● DATA SUPPLIED:
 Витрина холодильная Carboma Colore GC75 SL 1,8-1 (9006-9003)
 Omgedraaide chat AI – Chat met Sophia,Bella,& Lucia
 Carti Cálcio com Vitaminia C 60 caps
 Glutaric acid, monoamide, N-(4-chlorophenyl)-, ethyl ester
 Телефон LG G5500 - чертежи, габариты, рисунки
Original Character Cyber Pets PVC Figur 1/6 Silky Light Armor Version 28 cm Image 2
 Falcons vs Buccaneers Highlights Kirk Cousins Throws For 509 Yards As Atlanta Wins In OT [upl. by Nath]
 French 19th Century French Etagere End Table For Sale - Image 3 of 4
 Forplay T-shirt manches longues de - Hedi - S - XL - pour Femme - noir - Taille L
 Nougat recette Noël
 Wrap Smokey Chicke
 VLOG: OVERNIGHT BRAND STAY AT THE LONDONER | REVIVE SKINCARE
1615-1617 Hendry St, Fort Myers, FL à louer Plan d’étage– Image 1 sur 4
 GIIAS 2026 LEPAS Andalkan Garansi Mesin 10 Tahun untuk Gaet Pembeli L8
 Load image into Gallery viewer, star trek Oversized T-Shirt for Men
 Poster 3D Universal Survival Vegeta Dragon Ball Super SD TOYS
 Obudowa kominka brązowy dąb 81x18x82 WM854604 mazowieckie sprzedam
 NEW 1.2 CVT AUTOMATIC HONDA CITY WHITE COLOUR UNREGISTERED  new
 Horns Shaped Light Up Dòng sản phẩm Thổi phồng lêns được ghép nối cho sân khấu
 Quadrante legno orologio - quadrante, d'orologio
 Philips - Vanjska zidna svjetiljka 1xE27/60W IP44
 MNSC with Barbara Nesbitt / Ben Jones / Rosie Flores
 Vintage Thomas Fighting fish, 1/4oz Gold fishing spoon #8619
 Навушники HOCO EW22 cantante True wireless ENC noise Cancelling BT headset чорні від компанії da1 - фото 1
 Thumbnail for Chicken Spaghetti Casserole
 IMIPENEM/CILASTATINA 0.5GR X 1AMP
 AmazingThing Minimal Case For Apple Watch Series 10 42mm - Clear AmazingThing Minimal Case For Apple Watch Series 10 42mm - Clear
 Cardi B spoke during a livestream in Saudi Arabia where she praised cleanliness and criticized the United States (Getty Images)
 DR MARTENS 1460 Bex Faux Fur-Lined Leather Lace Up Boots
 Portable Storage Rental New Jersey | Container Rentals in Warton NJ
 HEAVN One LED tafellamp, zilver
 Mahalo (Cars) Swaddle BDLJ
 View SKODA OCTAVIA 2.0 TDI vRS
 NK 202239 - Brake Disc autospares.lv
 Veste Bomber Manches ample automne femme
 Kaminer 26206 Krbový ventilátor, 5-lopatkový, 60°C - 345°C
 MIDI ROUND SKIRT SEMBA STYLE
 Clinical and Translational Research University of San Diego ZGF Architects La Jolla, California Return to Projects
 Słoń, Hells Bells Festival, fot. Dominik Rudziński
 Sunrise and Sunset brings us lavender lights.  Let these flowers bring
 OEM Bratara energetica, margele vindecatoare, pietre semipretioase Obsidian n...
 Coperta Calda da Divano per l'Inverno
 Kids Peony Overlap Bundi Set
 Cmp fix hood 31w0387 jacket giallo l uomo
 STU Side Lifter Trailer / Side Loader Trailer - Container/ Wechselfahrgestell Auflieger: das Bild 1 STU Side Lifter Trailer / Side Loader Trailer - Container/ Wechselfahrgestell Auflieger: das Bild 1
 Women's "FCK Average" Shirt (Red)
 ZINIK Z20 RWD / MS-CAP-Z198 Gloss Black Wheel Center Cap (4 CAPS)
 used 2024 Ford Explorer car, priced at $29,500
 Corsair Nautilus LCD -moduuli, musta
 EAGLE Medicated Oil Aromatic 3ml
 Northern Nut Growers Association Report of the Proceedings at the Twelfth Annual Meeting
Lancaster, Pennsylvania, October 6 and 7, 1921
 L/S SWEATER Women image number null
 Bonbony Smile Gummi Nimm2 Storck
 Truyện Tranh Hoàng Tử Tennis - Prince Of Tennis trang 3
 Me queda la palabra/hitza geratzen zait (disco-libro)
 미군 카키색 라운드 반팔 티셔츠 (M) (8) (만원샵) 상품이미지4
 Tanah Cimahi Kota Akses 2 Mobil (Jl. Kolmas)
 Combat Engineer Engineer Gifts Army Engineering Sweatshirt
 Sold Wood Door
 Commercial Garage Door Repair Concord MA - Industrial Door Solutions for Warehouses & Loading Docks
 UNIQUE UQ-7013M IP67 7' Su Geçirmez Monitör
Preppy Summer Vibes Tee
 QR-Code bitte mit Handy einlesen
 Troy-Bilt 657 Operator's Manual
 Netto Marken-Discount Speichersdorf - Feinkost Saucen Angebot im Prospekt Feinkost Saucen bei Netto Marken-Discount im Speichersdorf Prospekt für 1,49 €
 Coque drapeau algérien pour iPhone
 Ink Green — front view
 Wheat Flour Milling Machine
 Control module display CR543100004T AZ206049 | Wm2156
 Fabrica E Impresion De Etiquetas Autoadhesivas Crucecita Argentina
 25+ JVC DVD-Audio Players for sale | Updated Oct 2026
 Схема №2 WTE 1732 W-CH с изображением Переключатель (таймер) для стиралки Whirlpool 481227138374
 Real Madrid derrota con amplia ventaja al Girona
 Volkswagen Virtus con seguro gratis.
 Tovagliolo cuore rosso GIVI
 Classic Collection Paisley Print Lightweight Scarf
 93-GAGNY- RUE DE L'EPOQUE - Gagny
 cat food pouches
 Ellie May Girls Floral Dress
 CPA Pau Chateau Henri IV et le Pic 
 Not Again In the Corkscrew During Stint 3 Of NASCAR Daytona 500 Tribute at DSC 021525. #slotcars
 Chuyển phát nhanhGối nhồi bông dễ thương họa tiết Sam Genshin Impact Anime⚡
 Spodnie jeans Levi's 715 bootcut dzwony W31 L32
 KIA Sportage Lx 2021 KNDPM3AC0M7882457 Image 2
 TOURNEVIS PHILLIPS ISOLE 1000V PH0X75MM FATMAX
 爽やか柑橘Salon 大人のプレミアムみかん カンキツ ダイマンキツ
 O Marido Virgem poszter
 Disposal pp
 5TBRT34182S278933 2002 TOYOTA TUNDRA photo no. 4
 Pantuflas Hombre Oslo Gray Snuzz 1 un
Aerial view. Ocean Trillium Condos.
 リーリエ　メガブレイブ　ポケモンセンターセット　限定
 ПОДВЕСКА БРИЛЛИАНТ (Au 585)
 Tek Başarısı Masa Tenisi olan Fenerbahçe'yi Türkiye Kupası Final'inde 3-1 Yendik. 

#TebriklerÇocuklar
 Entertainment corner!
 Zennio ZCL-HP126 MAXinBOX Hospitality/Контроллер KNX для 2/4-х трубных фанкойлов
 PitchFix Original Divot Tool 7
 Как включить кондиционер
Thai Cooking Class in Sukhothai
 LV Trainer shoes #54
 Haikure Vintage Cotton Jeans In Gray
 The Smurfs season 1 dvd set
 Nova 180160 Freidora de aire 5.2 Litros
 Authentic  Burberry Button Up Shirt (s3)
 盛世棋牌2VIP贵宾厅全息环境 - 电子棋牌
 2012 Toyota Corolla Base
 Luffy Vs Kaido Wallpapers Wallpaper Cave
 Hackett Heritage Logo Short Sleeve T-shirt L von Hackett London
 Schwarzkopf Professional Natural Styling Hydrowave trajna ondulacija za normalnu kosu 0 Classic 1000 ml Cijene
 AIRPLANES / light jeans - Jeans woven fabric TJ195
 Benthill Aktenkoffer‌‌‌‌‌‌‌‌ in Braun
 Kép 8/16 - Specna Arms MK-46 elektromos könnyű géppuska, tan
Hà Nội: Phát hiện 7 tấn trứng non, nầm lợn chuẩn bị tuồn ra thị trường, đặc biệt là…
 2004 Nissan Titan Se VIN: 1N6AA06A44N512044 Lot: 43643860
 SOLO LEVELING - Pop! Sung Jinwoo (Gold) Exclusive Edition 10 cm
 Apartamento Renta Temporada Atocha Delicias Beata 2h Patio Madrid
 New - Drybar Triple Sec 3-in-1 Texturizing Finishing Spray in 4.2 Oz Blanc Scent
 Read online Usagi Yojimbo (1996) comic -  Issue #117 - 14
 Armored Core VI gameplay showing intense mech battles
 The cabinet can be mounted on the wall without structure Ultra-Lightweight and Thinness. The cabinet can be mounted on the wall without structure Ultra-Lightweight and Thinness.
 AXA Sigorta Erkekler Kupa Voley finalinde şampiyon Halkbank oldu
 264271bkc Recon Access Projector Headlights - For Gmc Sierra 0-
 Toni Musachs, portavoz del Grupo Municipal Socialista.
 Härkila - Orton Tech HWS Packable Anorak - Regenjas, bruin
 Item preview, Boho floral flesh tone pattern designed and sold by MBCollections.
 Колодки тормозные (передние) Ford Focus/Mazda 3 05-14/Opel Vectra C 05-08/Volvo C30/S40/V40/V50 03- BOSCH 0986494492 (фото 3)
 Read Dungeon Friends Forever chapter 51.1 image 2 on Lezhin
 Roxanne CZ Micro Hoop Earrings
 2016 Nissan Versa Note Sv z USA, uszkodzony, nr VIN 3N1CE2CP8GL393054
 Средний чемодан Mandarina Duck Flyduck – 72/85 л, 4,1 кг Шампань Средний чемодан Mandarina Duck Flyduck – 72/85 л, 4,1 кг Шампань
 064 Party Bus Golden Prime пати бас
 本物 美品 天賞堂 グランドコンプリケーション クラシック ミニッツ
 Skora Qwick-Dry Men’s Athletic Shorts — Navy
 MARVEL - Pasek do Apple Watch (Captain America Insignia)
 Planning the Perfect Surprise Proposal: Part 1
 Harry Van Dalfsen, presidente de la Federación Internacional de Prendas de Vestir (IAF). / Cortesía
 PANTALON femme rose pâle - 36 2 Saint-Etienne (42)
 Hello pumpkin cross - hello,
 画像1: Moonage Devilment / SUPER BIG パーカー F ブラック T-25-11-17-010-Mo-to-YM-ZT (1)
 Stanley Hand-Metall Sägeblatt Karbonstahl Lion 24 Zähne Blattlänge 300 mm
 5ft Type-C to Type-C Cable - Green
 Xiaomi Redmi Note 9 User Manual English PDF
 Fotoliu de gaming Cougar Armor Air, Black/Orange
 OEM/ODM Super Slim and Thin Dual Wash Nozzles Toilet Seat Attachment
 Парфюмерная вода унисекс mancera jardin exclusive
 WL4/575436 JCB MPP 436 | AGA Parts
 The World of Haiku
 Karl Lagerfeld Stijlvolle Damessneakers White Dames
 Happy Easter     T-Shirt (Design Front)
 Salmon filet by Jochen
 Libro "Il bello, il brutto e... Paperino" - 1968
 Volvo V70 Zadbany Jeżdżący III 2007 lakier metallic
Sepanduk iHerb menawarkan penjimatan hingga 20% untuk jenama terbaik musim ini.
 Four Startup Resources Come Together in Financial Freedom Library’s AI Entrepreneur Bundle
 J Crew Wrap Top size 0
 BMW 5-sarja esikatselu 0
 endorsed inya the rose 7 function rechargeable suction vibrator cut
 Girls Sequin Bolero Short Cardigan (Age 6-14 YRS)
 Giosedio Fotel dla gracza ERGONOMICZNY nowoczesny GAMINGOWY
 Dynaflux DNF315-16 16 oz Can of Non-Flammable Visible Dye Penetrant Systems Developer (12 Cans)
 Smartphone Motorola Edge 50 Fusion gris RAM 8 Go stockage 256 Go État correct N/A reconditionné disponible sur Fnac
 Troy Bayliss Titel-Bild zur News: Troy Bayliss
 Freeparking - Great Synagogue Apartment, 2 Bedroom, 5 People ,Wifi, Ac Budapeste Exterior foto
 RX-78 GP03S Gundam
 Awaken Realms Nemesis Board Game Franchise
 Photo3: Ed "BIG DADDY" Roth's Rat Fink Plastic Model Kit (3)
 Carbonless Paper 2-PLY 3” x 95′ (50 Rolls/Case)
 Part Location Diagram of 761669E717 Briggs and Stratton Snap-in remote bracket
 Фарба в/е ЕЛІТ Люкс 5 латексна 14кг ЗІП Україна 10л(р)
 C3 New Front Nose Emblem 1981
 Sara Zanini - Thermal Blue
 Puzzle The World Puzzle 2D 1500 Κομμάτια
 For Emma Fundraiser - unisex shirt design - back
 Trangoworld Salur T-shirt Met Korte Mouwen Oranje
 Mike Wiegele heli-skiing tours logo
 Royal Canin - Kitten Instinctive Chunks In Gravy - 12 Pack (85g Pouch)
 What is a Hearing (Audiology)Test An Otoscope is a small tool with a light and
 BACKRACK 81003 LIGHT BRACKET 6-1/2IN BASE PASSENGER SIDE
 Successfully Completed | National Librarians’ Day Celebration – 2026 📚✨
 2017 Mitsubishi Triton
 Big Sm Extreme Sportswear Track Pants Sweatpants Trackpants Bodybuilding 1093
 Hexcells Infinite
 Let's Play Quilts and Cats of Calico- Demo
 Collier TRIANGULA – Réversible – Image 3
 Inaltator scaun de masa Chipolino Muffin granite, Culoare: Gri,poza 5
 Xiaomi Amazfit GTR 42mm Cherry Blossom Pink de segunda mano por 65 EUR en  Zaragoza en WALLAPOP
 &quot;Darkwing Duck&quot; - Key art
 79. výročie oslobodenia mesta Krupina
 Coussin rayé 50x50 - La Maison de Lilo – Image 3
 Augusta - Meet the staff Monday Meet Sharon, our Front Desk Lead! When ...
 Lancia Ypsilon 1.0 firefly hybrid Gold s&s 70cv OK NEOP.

● PROBLEM:
Give the exact lines, and only those, from the line containing "TOURNEVIS PHILLIPS ISOLE" through the line containing "ПОДВЕСКА БРИЛЛИАНТ (Au 585)" in the entries above.

● TASK ANSWER:
 TOURNEVIS PHILLIPS ISOLE 1000V PH0X75MM FATMAX
 爽やか柑橘Salon 大人のプレミアムみかん カンキツ ダイマンキツ
 O Marido Virgem poszter
 Disposal pp
 5TBRT34182S278933 2002 TOYOTA TUNDRA photo no. 4
 Pantuflas Hombre Oslo Gray Snuzz 1 un
Aerial view. Ocean Trillium Condos.
 リーリエ　メガブレイブ　ポケモンセンターセット　限定
 ПОДВЕСКА БРИЛЛИАНТ (Au 585)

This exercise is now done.